В 1798 г. музыкант Бервиль выходил на эстраду со своим десятилетним сыном.
* * *
Русский человек XVIII в., с большим любопытством рассматривавший иностранные изобретения, дал им самое подходящее название (немецкое слово он не перевел, а применил в своем языке): «куншт», «кунштюк».
Первый из таких «кунштюков» появился в Петербурге в 1755 г.: «В зале его превосходительства господина действительного камергера и кавалера И. И. Шувалова, на Невской перспективе, приехавший сюда из Парижа Франсуа будет показывать по понедельникам, вторникам, четвергам и воскресеньям пополудни с 4 часов до вечера свою художественную машину, которая представляет в натуральную величину пастуха и пастушиху (т. е. пастушку), которые играют тринадцать арий на флейтоверсе. Пастух при этом ударяет такту и сии обе фигуры стоят под тению дуба, на котором движутся разного рода птицы и голос свой с тоном флейты соединяют; с смотрителей будет брано по рублю, а по вторникам отворяться имеет машина, и механическое движение показываемо будет, за что тогда два рубля заплатить должно».

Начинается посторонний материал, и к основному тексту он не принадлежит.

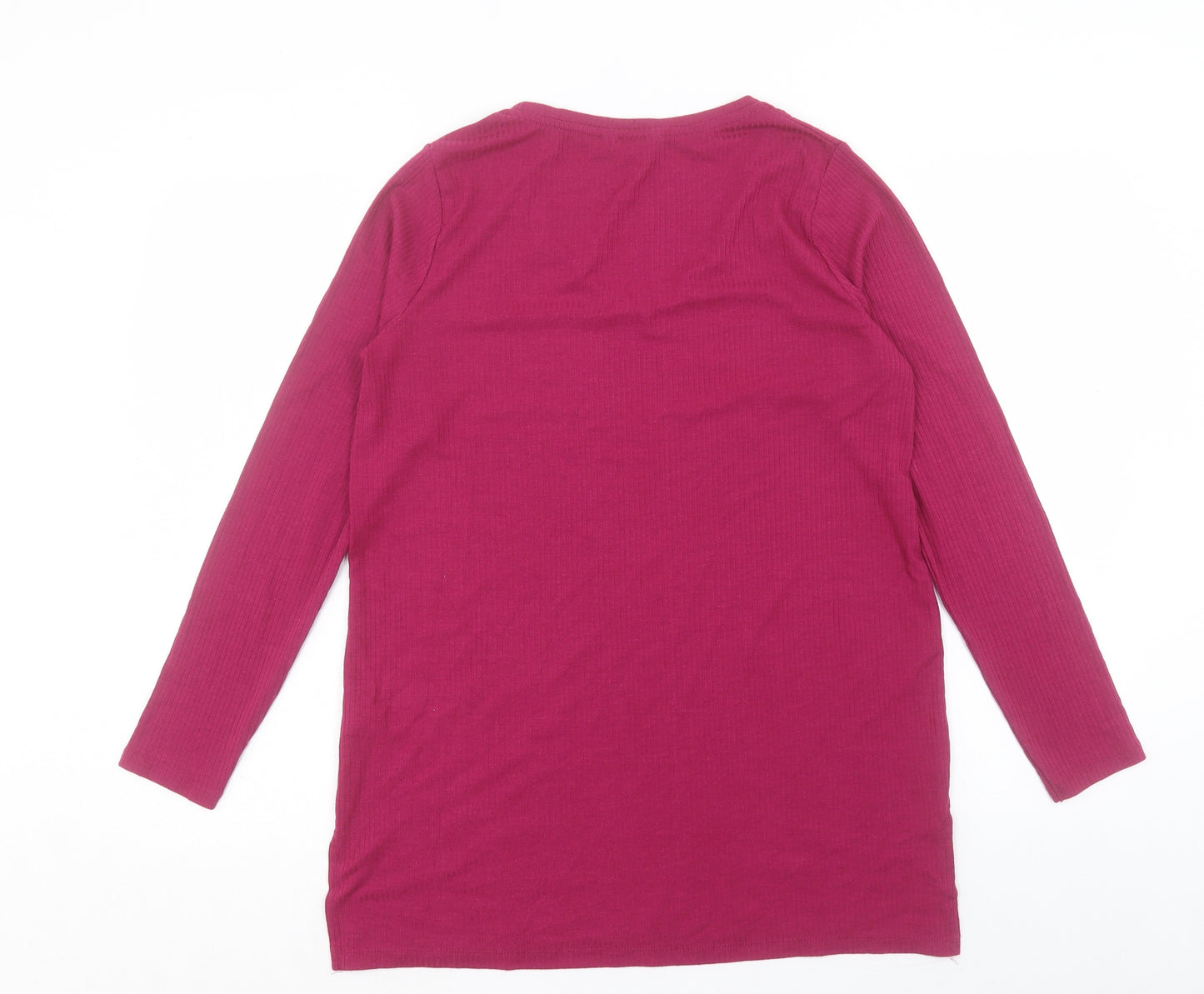 Nutmeg Womens Purple Polyester Basic Tank Size 12 V-Neck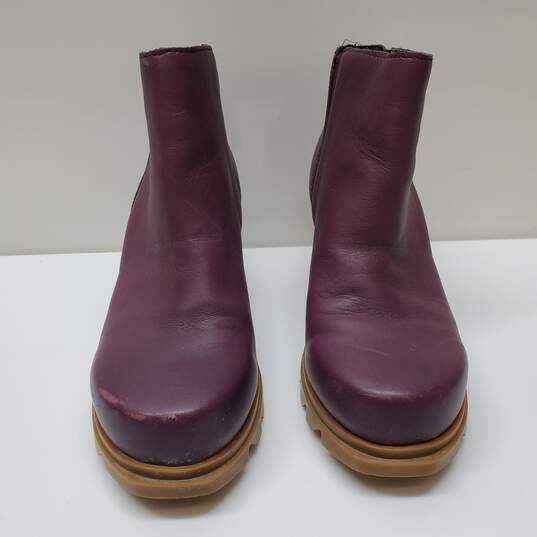 Sorel Joan of Arctic Wedge Zip Boots Leather Booties Ice Wine Sz 6.5 image number 4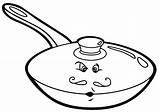 Pan Coloring Frying Pages sketch template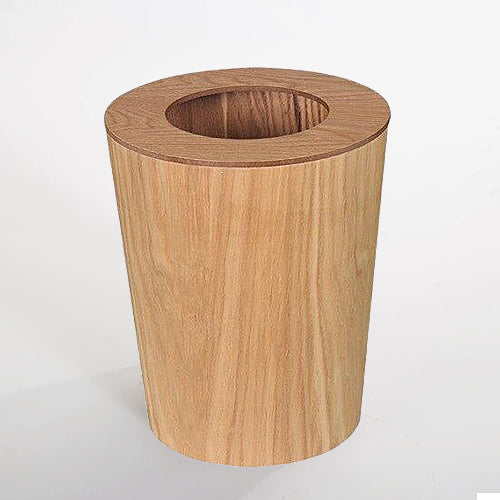 Wooden Veneer Waste Bin With Lid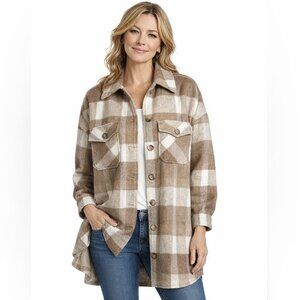 Dolce Cabo Brown White Plaid Shacket Button Front Oversized Shirt Jacket Cozy L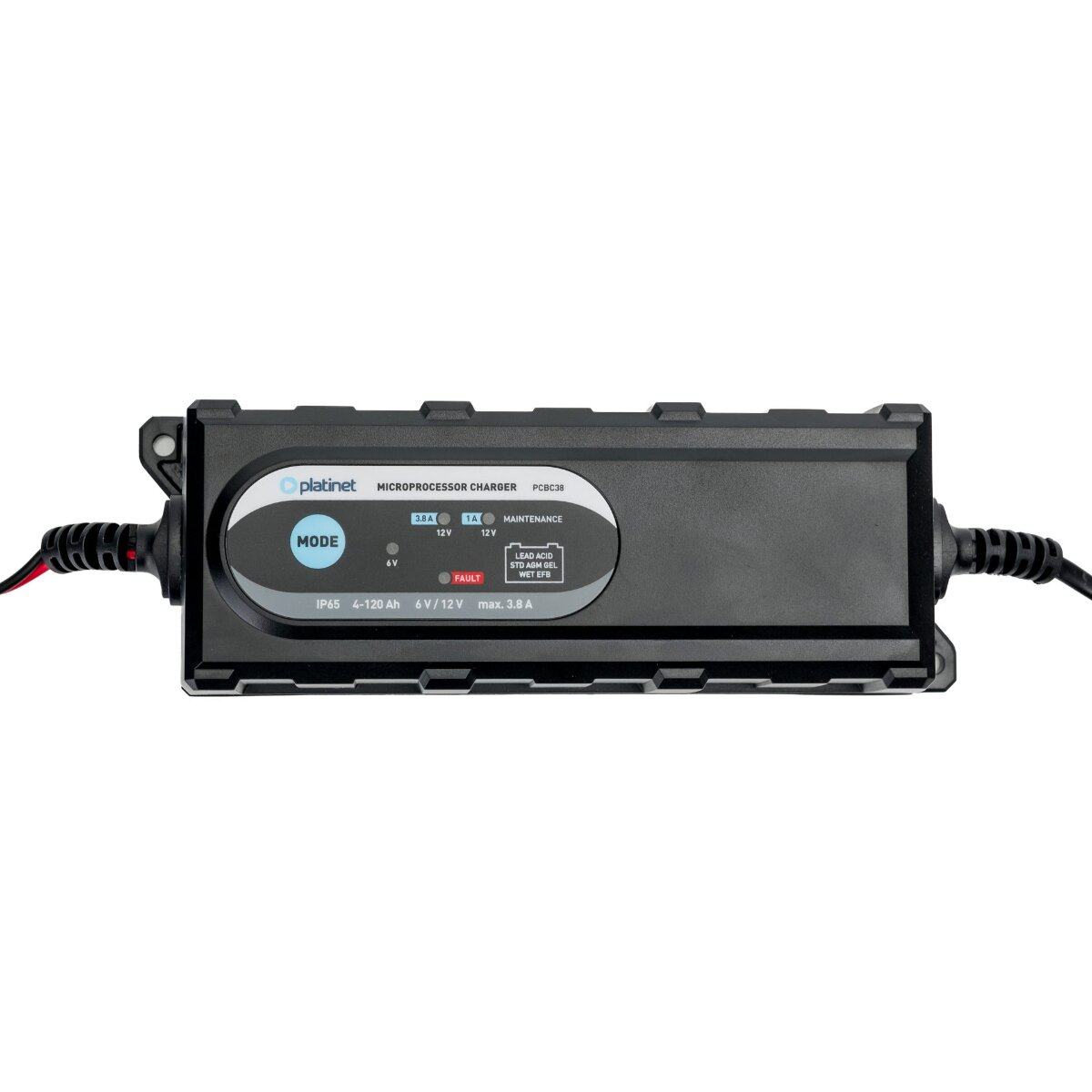 Schwarzes Batterieladegerät mit Platinen-Logo und LCD-Anzeige. Mehrere Anzeigen und Tasten.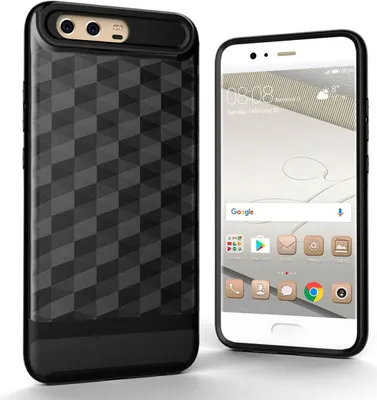 Produktbild von Hülle für Huawei P10 Backcover Case Handy Schutzhülle - Cover 3D Prisma Design Schwarz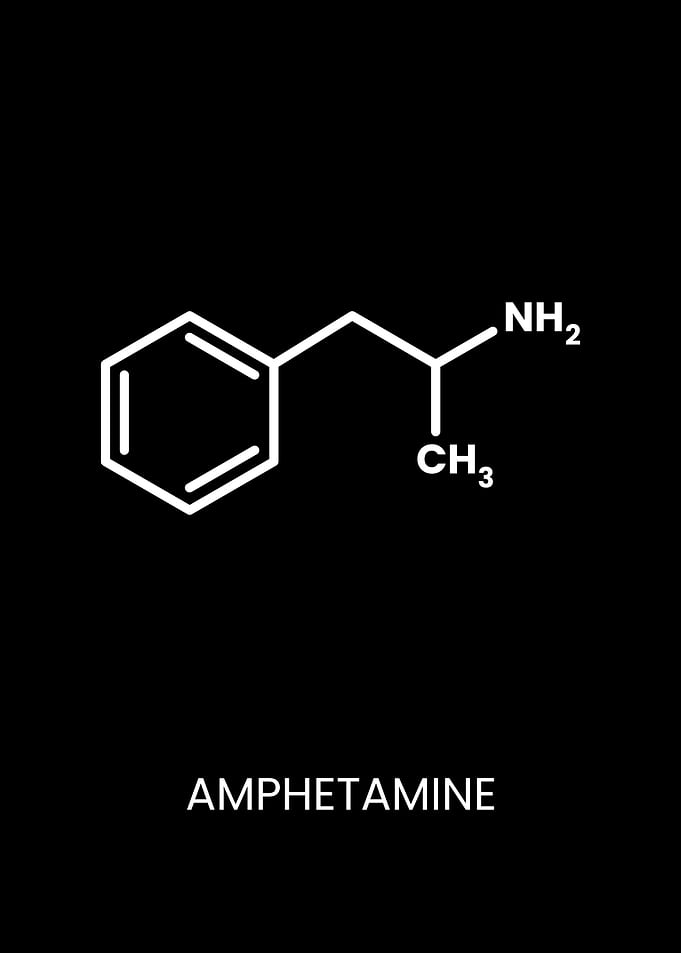Amphetamine Chemical Structure on Black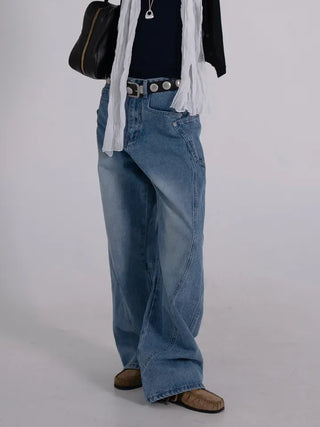 Zeo Loose Fit Mild Wash Cut-out Denim Pants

На машину поглядеть пришла и Елизавета Петровна, и «приехавший из Парижа Франсуа» был щедро награжден за свою диковинку.
В 1777 г. читаем: «С дозволения главной полиции показываемо здесь будет между Казанской церковью и съезжей (полицейской частью) в Марковом доме прекрасная, невиданная здесь никогда механическо-музыкальная машина, представляющая изрядно одетую женщину, сидящую на возвышенном пьедестале и играющую на поставленном перед нею искусно сделанном флигеле 10 отборнейших по новому вкусу сочиненных песен, т. е. 3 менуэта, 4 арии, 2 полонеза и 1 марш. Она с превеликою скоростью выводит наитруднейшие рулады и при начатии каждой песни кланяется всем гостям головою. Искусившиеся в механике и вообще любители художеств не малое будут иметь увеселение, смотря на непринужденные движения рук, натуральный взор ее глаз и искусные повороты ее головы; все сие зрителей по справедливости в удивление привесть может. Оную машину ежедневно видеть можно с утра 9 до 10 вечера. Каждая особа платит по 50 к., а знатные господа сколь угодно».